Friday, September 19, 2014
It has been a while since I’ve blogged, and I don’t have any news yet. VCU finally started, and I have been working on top of that. I love my new classes since one of them is fiction writing. I’m enjoying it so far, and I will put up my favorite exercises in this post. I love writing them, and this is what I have so far.
It wasn’t broken but she was determined to fix it. Her heart that was barely working is now alive again. She thought her ex had broken her heart to the point where it was destroyed, and unable to love. It’s not broken, and she knew how to fix it she had to trust the one she loved with her barely beating heart. Her ex did not destroy it like she thought, and she can fix it by filling with her true love instead of the pain her ex put in his wake. She thought she was destroyed by it, but she wasn’t. Broken is a better word since she lost something she thought she needed. She gained something better, and it may not be perfect but it is a start. Once she lost the guy that made her broken she found the one to fix it again.
I smell the scent of Fuji Apple and Vanilla Orchid, and memories whiz through my head. Memories of the summer, and the scent I began to wear around potential guys I’m interested in. I wished I worn it around you. I wear it to give my skin sparkle and it makes me smell good. It is the smell I wear to make myself feel good, and chasing guys like I used to before he fucked up my life. It reminds me of what I did with all of you talking me out of the deep end saving me from myself. Reminding me I’m young, and I can survive anything. It makes me remember the feel of your skin and your scent mingling with mine. The feel of your lips on me, and your touch. Smells during the summer where I went through the worst emotional pain of my life, but I gained something out of it. Freedom. The freedom to see other guys, and the freedom to find someone else. I’ll never forget the necklace you gave me, and I will wear it around my neck since it reminds me of the pain I went through to get over HIM. I’m healed because of all of you. I can now love because you crashed down my cage, and let my heart out. It feels good to love again. I’m not numb anymore, and I was before the summer. Not now. Reminders keep you moving and help you remember why you went through the pain in the first place. I would not have made it without all three of you.
Cinderella, I captured your prince and if you want him you will have to come to my castle to save him before I turn him into my love slave. I will give you the key to his cage and then you can have him but only if you defeat me. Ha Ha ha…love the evil queen.
That bitch had better wish she was dead, and I will make her pay. No one takes my man and gets away with it. I love him, and I want to spend the rest of my life with him she will pay. I suit up by wearing a black cat suit and head out to save my prince. The way to the castle was filled with vampires, and I staked every last one of them till I got to the castle to see the queen. I open the door and the evil queen sits there with my poor prince in a cage. She smiles evilly at me and all I can think of is die bitch die.

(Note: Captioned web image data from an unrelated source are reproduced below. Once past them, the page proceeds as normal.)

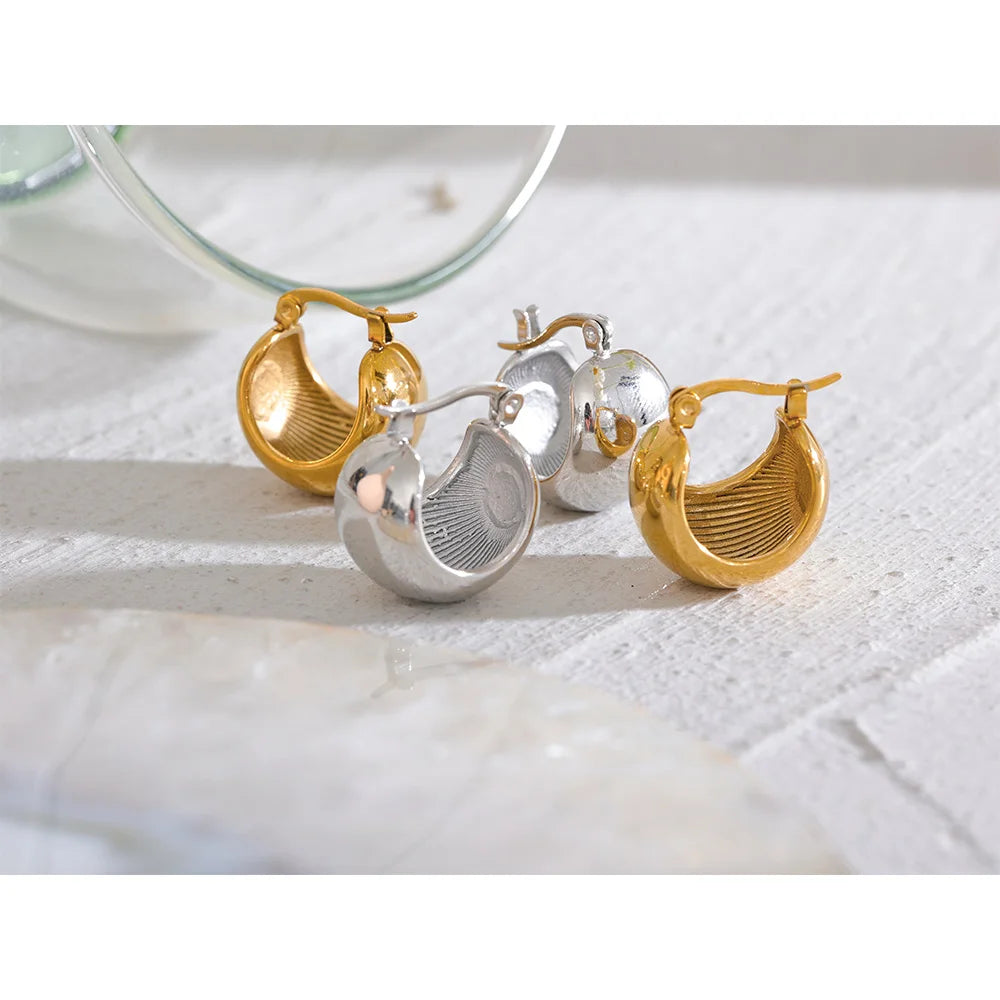 Azelia earrings side view showing drop silhouette
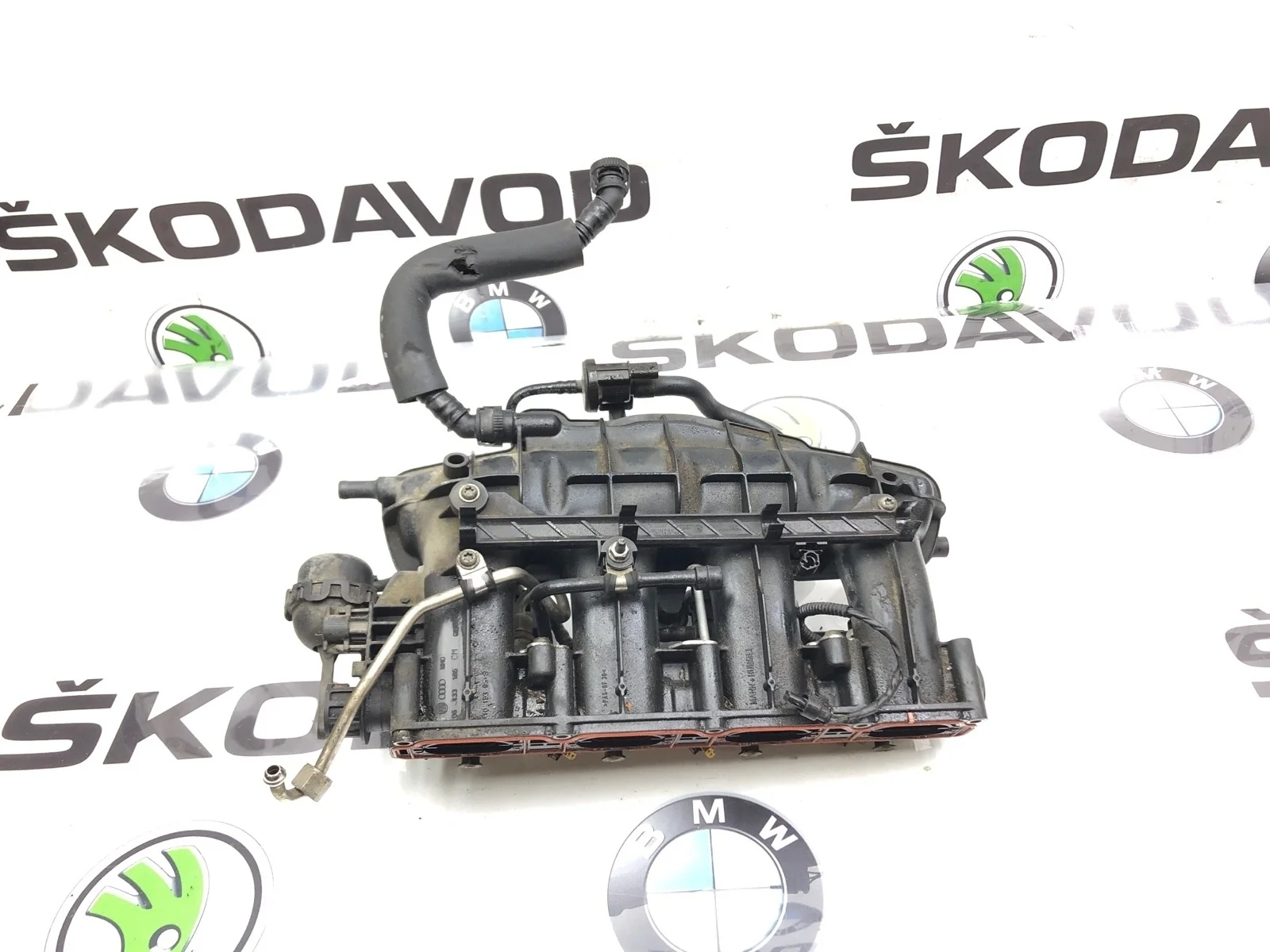 Коллектор впускной Skoda Octavia 2010 06J133185CM A5 (1Z) 1.8 CDAB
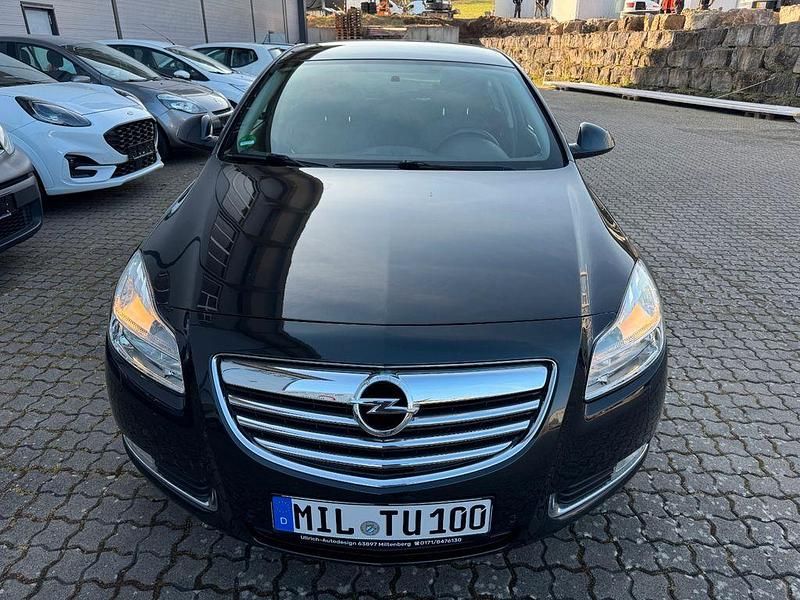 Gebraucht Opel Insignia Edition 160 PS (117 kW) 2012 Schwarz Limousine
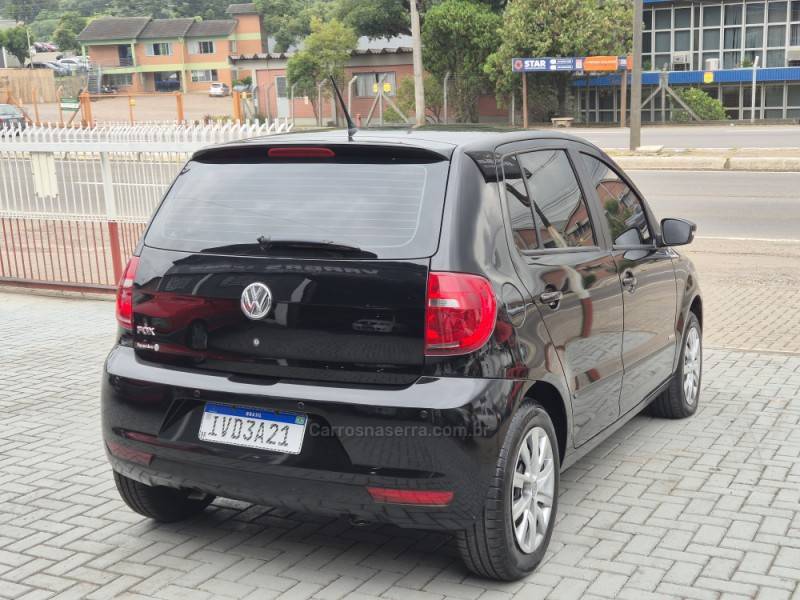 VOLKSWAGEN - FOX - 2013/2014 - Preta - R$ 33.000,00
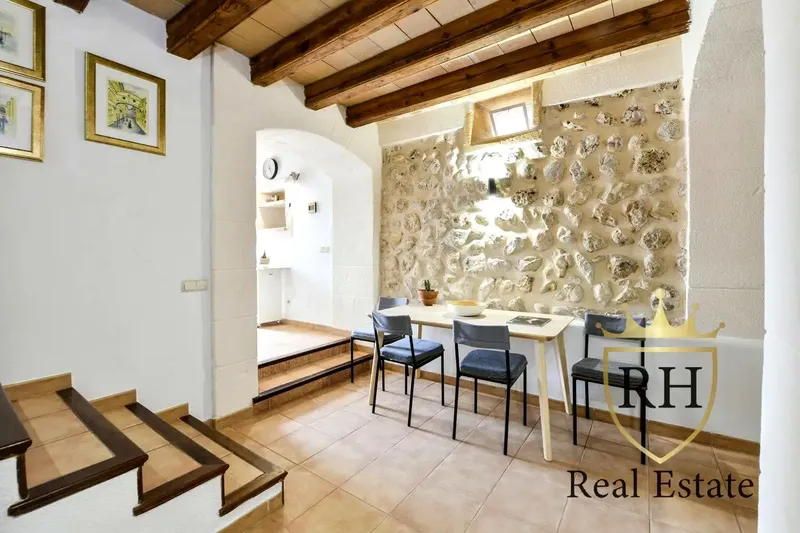 This property, dating from 1900, located 200 m from the Town Hall square, stands out for its Majorcan character, corner location and its excellent — photo 8
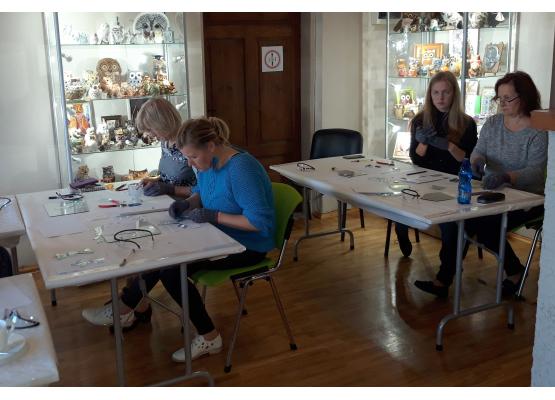 Glass workshop in Vireši (Latvia) in 2020 (community service of Vireši village community from Ape municipality, project Act Local)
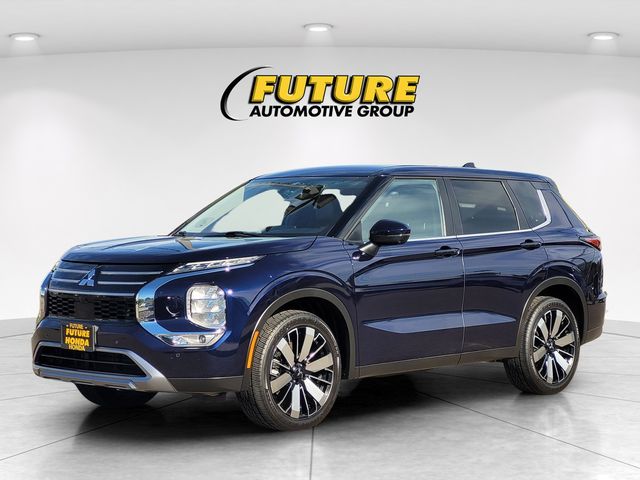 2025 Mitsubishi Outlander SE photo 4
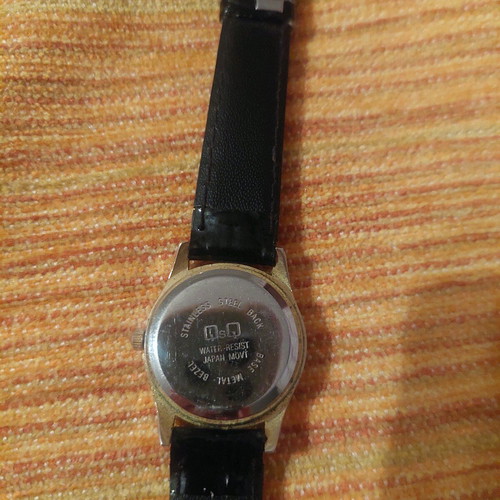 Women's watch with leather strap and gold dial like new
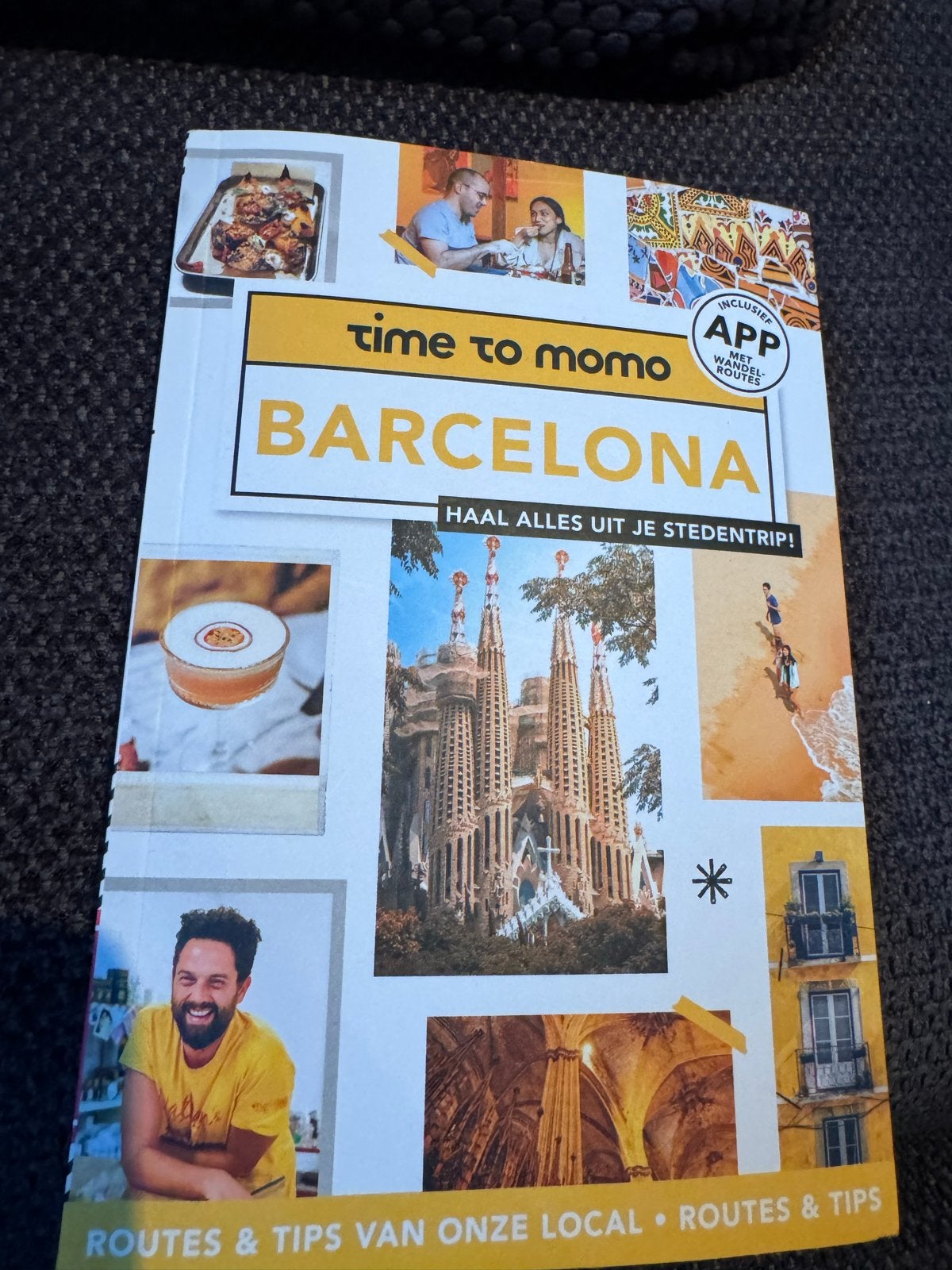 Time to Momo Barcelona Reisgids - Routes & Tips, Boeken, Overige merken, Europa, Ophalen of Verzenden, Zo goed als nieuw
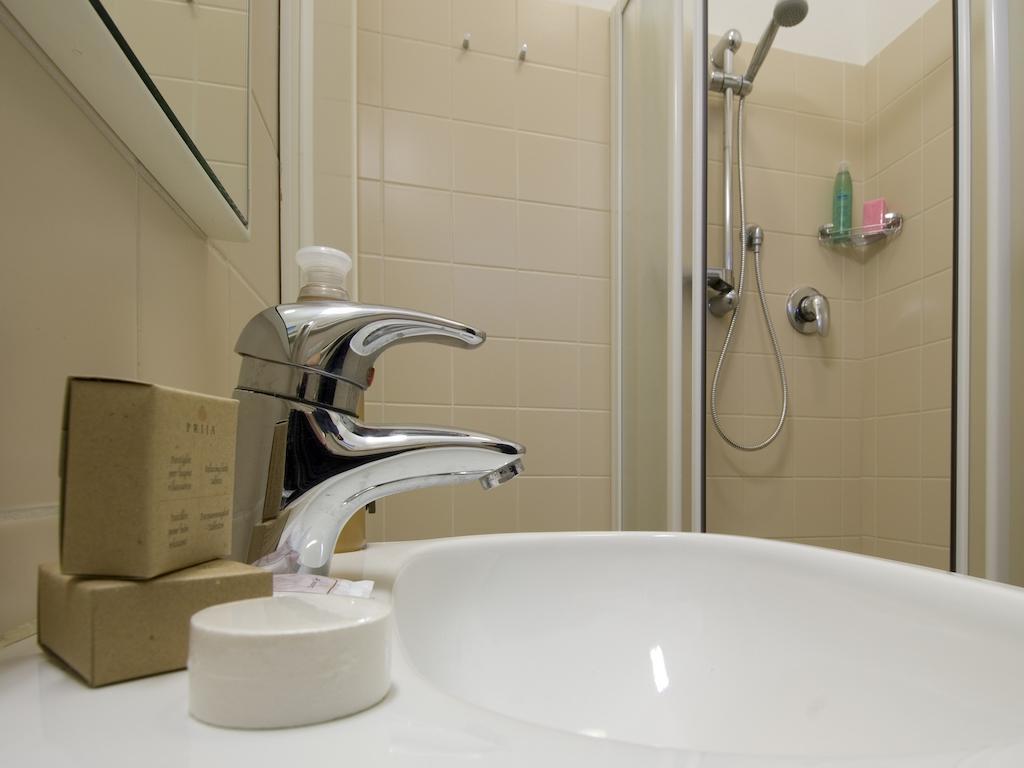 Hotel Nives Riccione Room photo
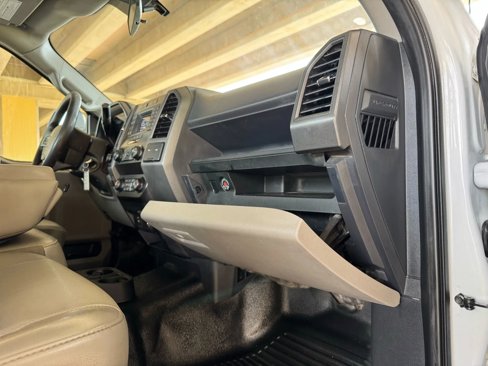 Used 2022 Ford F250 XL w/ Power Equipment Group image 29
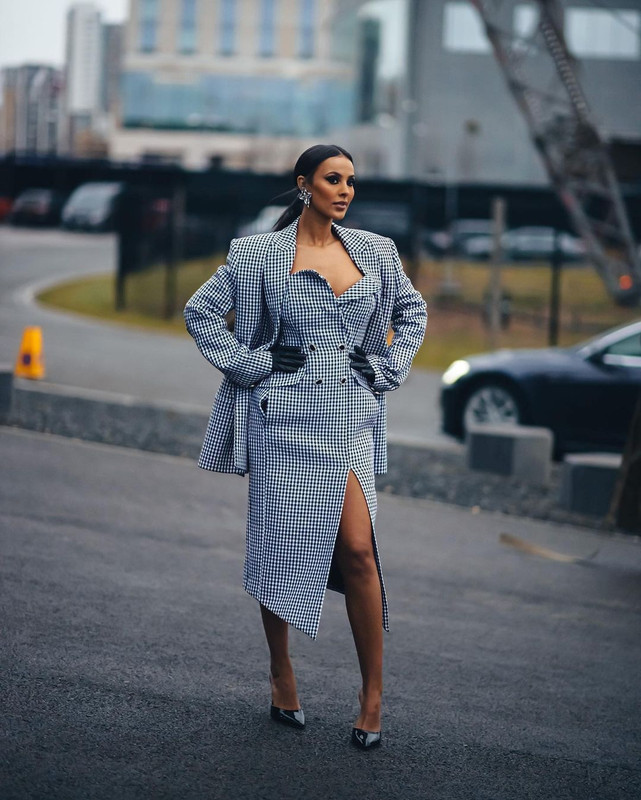 [Image: FMppxm-OXo-AAusl-E.jpg]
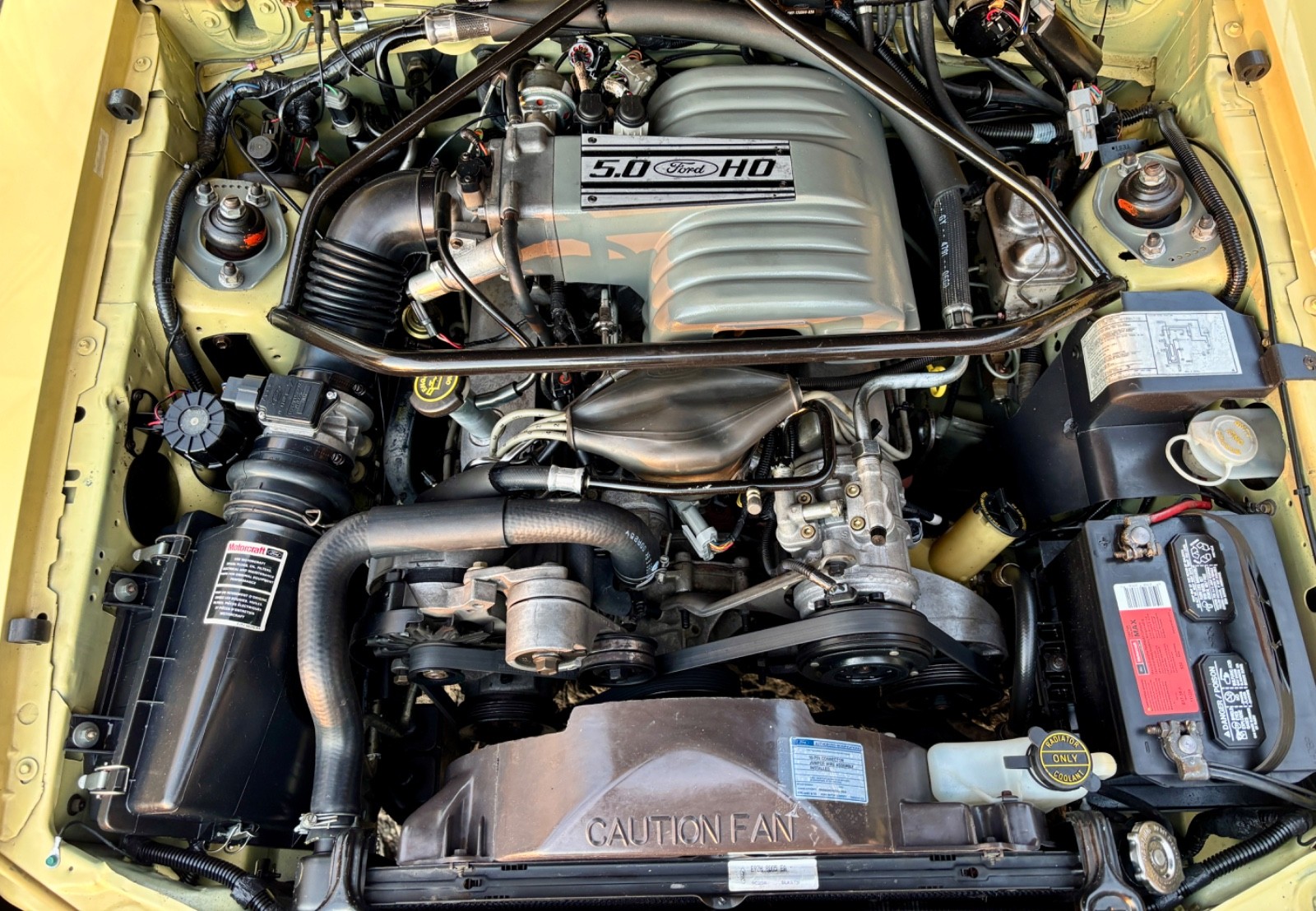 Ford-Mustang-1989-Convertible-12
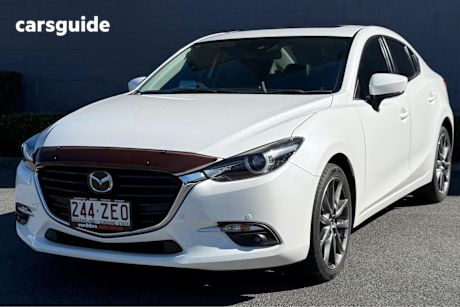 White 2016 Mazda Mazda3 Sedan SP25 ASTINA F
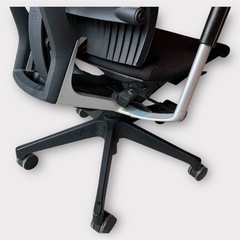 イトーキ スピーナチェア 高級オフィスチェア　肘可動　昇降機能付き KE-757GP-T1T1T1 大阪府配送可能の画像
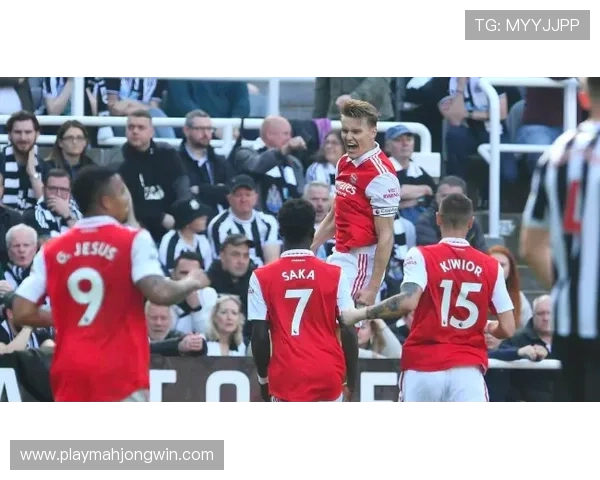 阿森纳队长厄德高伤愈复出，提升球队中场组织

“Come to save your prince? I doubt you will succeed.”
“I will bitch come at me, and I will show you someone who has no issues with taking down a bitch for her true love.”
I rush at her and punch her in the face, and duck as she swings at me. I punch her in the stomach, and she falls down leaving me to grab a sword and chop her head off. She bursts into glitter and the key falls down on the floor. I grab it and go to his cage, and he looks at me with love in his eyes, “Thank you my sweet princess. I knew there was a reason why I loved you.”
I smile at him, “I knew there was a reason why I fell for you.” I kiss him and time stopped. My prince is safe and sound, and I can live happily ever after. The end.
Those stupid asshole pigs are trying to hide from me again, and they will not get away with it this time. I will end their lives, and make bacon out of them no matter what. I will get my revenge, and blow up their house. I’m the big bad wolf after all, and not to be taken lightly. I might just have to blow down their door with a shotgun. I might have to use TNT or a bomb maybe? I don’t know yet all I know is I blew down the house of the other two since they constructed their house using piece of shit materials. Its their own damn faults come on straw and wood easy. Its going to be the brick which is the hardest to blow down. Maybe but I wont go down the chimney that leaves it wide open for them to eat me, and I’m too smart for that. I am and it has happened to my uncle too, and not something I want to do. I go up to the stupid pigs house, and ask them, “Little pigs, little pigs let me in…You make good bacon for my family.”
One of them peer out the window, “Nope you don’t deserve to eat our tender flesh.”
Fuck it. I grab a grenade, and flick the handle then hurl it at their stupid house. Boom! Hey look no more pigs they are all blown up now. Yes! No more assholes tormenting me.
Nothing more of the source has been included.